Input material
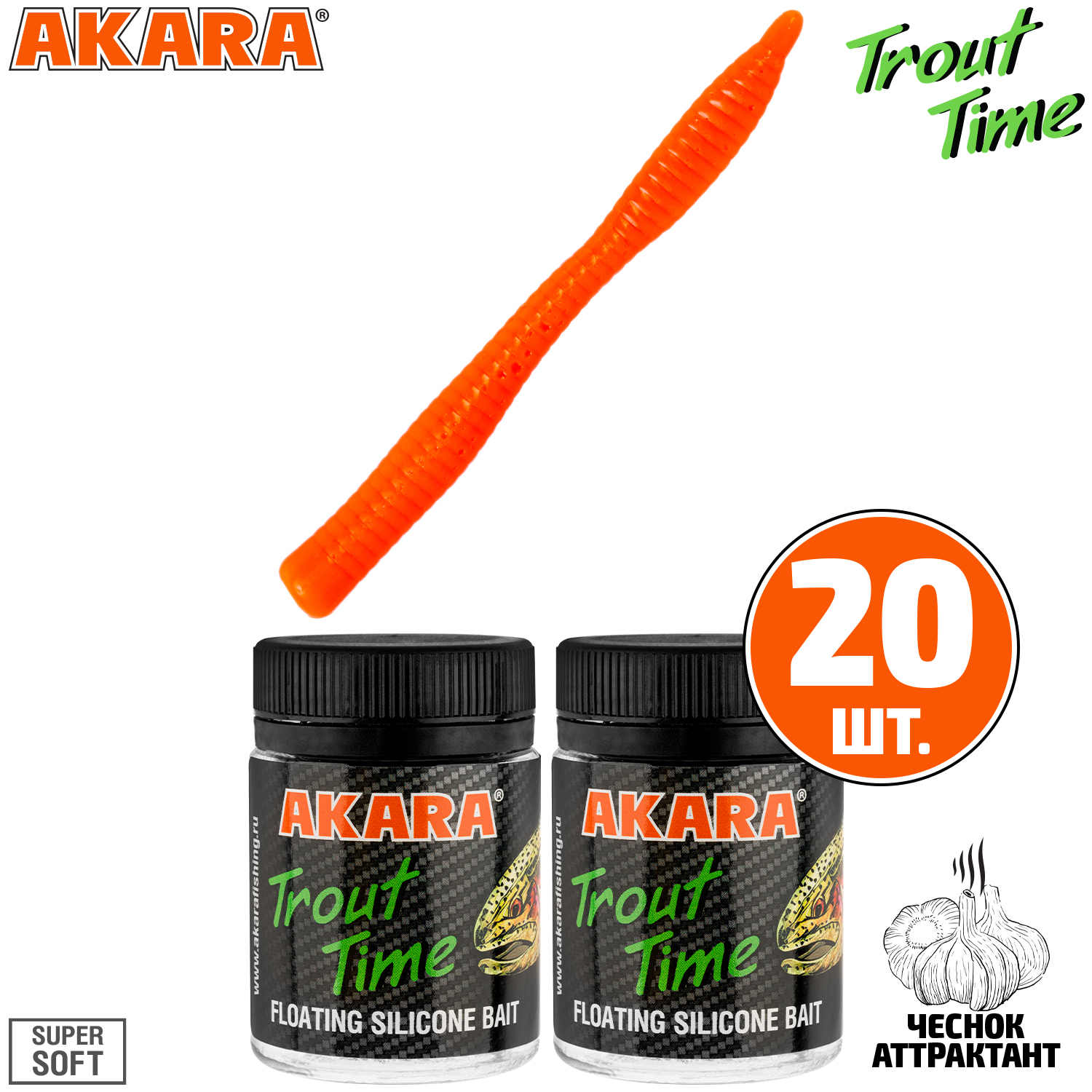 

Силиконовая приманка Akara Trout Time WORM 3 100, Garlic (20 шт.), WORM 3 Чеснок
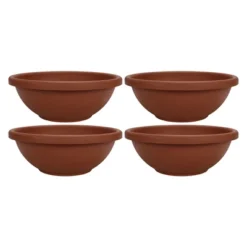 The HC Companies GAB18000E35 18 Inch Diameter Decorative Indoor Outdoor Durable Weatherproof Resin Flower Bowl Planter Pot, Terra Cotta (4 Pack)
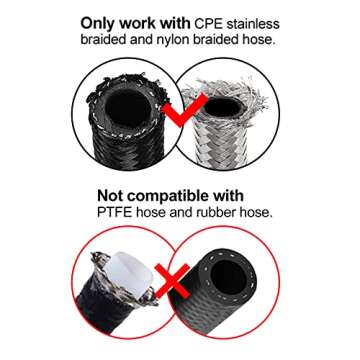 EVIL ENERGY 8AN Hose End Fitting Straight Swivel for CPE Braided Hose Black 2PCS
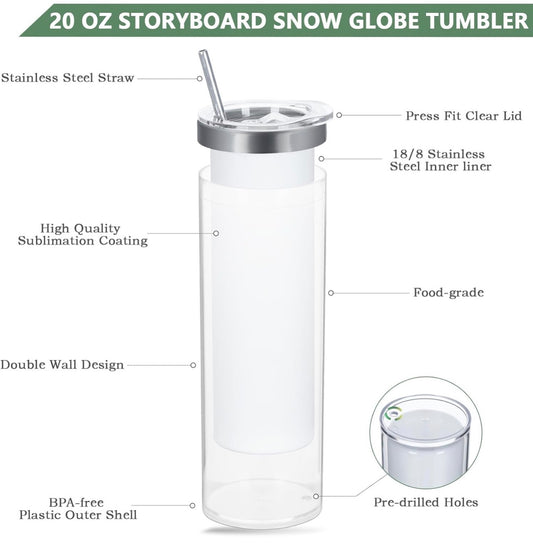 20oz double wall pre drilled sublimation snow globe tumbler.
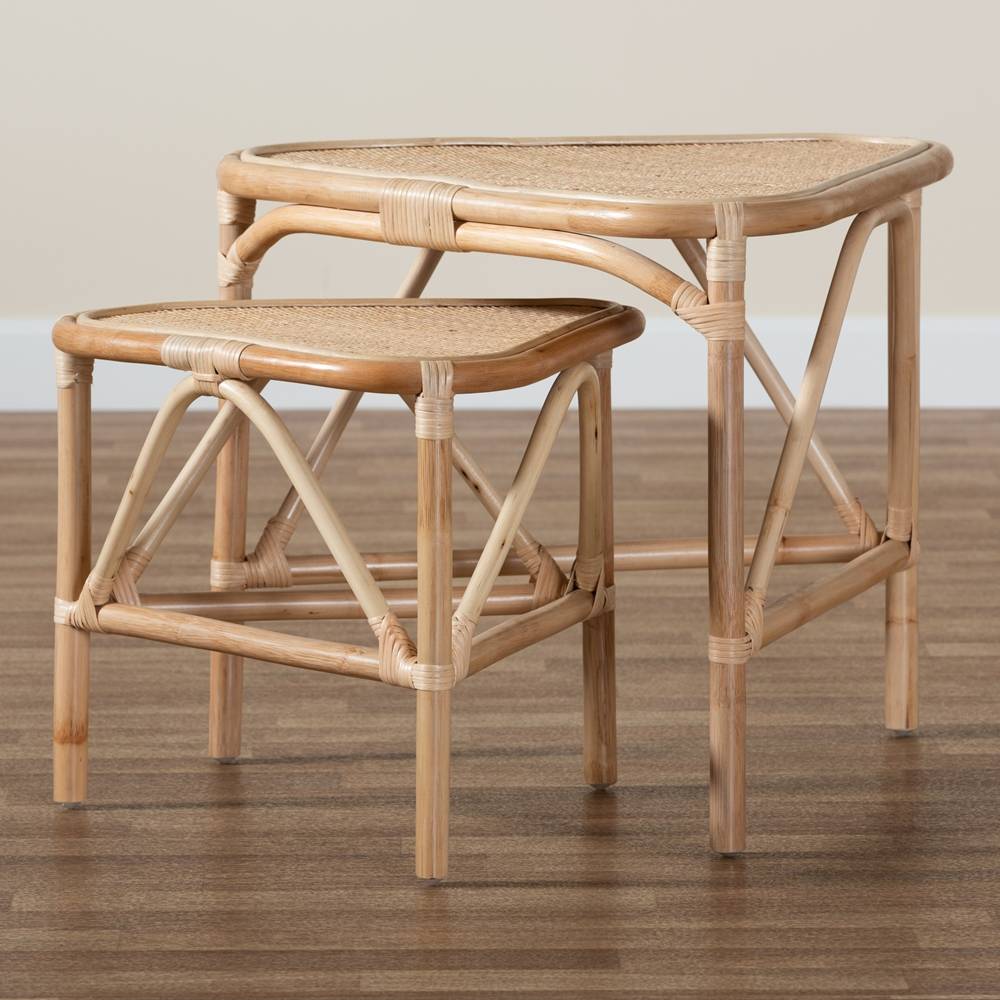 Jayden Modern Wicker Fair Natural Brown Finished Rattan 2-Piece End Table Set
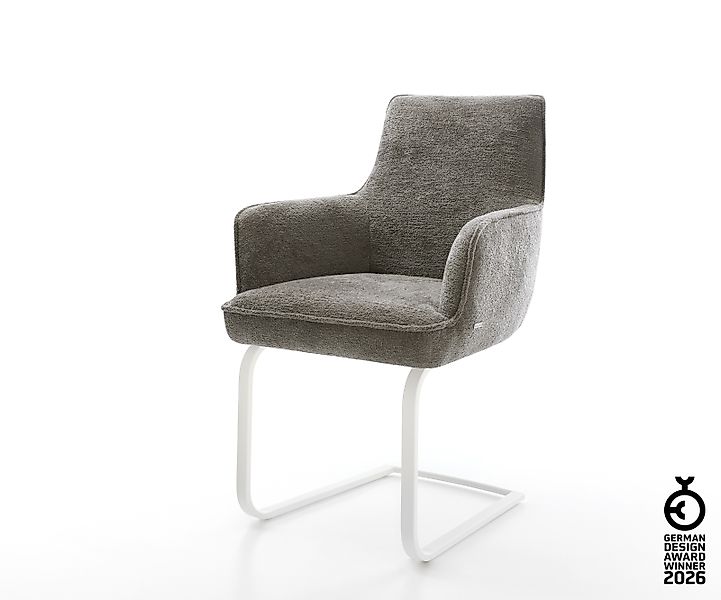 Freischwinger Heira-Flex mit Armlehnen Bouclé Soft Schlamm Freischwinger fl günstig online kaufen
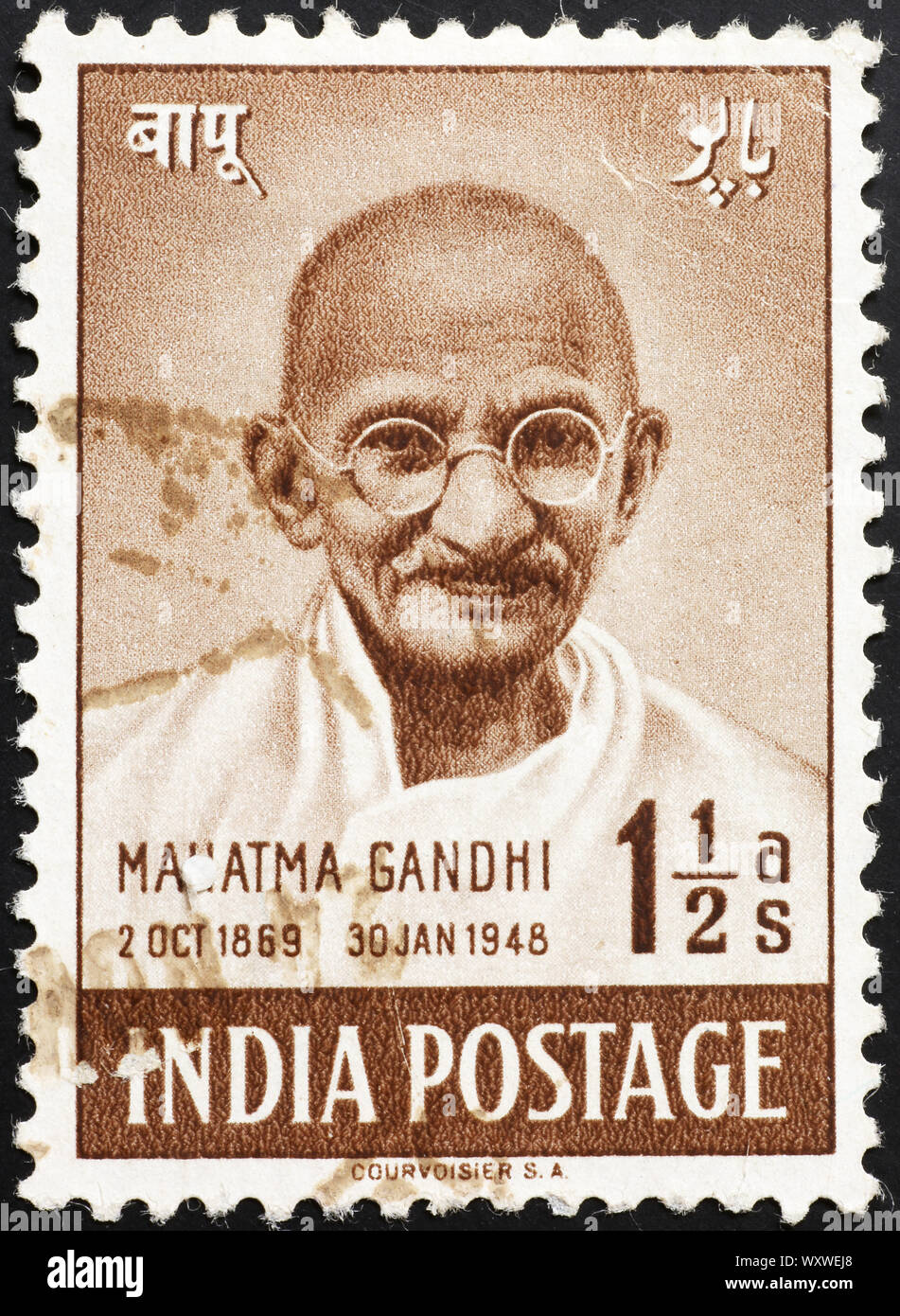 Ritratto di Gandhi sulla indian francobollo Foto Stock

Required action
Begin the copy at the line containing "The HC Companies" and end it at the last line of the records; transcribe exactly and exclude pictures.

Answer for this exercise
 The HC Companies GAB18000E35 18 Inch Diameter Decorative Indoor Outdoor Durable Weatherproof Resin Flower Bowl Planter Pot, Terra Cotta (4 Pack)
 EVIL ENERGY 8AN Hose End Fitting Straight Swivel for CPE Braided Hose Black 2PCS
 20oz double wall pre drilled sublimation snow globe tumbler.
 Jayden Modern Wicker Fair Natural Brown Finished Rattan 2-Piece End Table Set
 Freischwinger Heira-Flex mit Armlehnen Bouclé Soft Schlamm Freischwinger fl günstig online kaufen
 Ritratto di Gandhi sulla indian francobollo Foto Stock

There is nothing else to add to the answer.